Materials and Methods: We are using primary NSC/NPC cultures derived from P0-P2 mice brains as well as HEK293 cells. For dose-response curves we performed MTT assays. Type of cell death was analyzed via flow cytometry measurements, western blots analysis and CaspaseGlo® 3/7 assays. Alterations on RNA-level were detected by microarray analysis and verified via qRT-PCR. To identify possibly involved signaling pathways we are currently performing a high throughput kinase inhibitor screen.

Results: 24 h treatment of NSC/NPC with 0.5 µM 4OHT resulted in cytotoxicity. Western blot analyses of LC3 I/II protein levels, AnnexinV/7-AAD stainings and caspase 3/7 assays suggested a non-apoptotic autophagic cell death upon 4OHT treatment. Similar results were observed in HEK293 cells. Microarray data suggest an involvement of Socs2 in mediating autophagic cell death.

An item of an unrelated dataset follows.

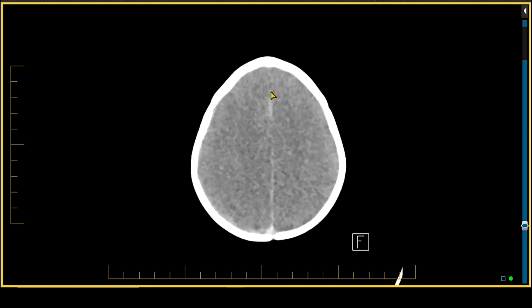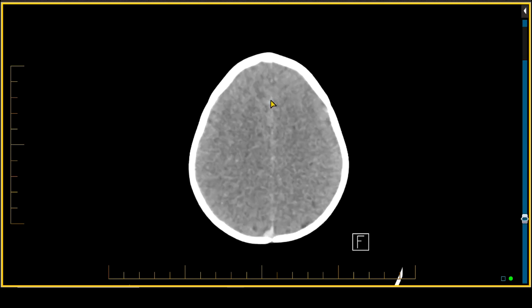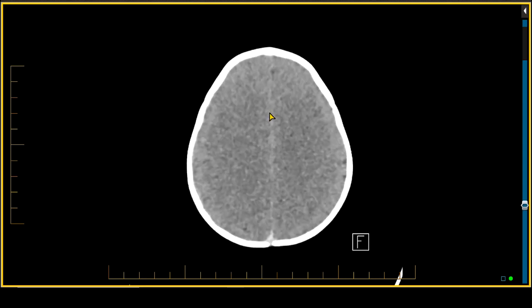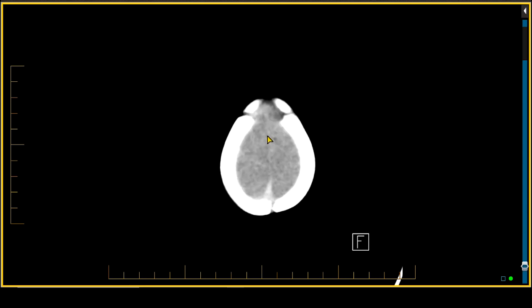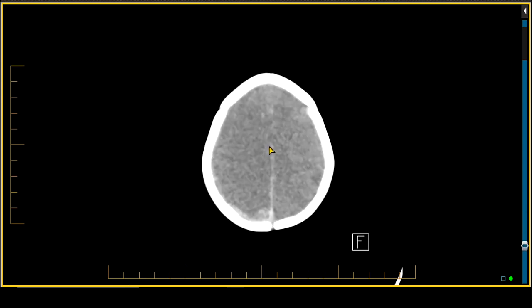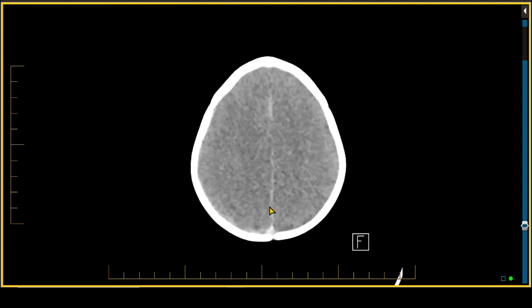There also are blood products along the intra-hemispheric fissure. Intra-hemispheric subdural hematomas in children is a marker for potential child abuse. You can also see that there's a collection overlying the right parietal region as well.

Conclusions: Our findings indicate that the use of tamoxifen-mediated activation of CreER recombinase in conditional knock-out and knock-in mouse systems has limitations in culture systems of NSC/NPC as tamoxifen treatment at concentrations required for CreER activation induces cytotoxicity in this culture system. We are currently further identifying the mechanisms underlying this cytotoxicity and whether these observations also have implications for in vivo analyses of conditional mouse models.